## WHAT THE TASK ASKS
No pictures go into the copy. Write out exactly the lines below from the one containing "This is how" through the one containing "Now we have".

## DATASET ENTRIES
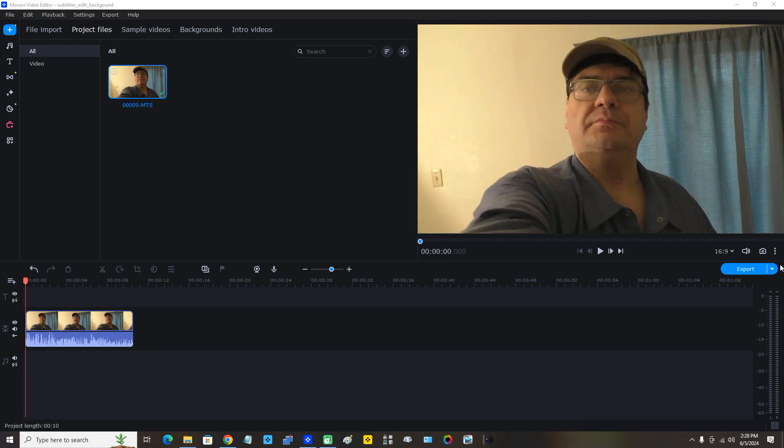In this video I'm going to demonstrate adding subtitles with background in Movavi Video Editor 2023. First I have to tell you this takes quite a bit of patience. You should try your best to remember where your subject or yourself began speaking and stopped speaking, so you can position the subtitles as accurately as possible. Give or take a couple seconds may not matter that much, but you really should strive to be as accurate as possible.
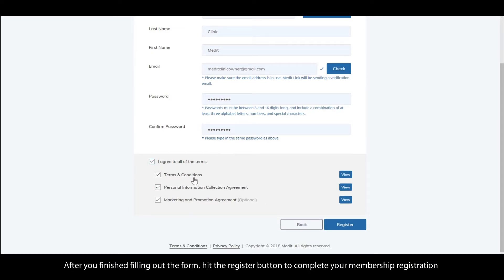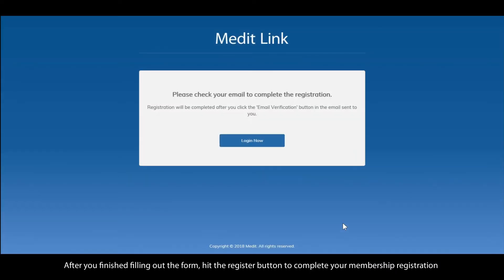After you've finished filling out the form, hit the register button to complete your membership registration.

==

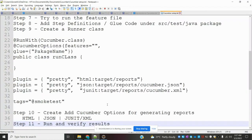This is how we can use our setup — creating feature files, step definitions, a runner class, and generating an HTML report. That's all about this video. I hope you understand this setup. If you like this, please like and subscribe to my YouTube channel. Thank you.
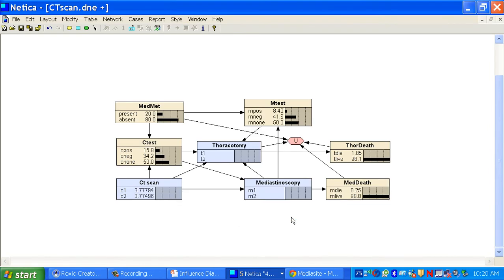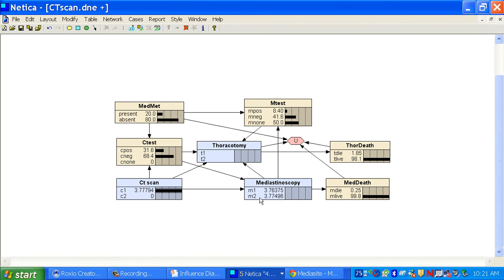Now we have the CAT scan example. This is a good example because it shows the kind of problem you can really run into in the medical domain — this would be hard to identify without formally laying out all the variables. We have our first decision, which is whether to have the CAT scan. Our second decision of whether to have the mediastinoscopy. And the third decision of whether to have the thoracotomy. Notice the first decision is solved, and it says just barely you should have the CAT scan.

## FINISHED TASK
This is how we can use our setup — creating feature files, step definitions, a runner class, and generating an HTML report. That's all about this video. I hope you understand this setup. If you like this, please like and subscribe to my YouTube channel. Thank you.
Now we have the CAT scan example. This is a good example because it shows the kind of problem you can really run into in the medical domain — this would be hard to identify without formally laying out all the variables. We have our first decision, which is whether to have the CAT scan. Our second decision of whether to have the mediastinoscopy. And the third decision of whether to have the thoracotomy. Notice the first decision is solved, and it says just barely you should have the CAT scan.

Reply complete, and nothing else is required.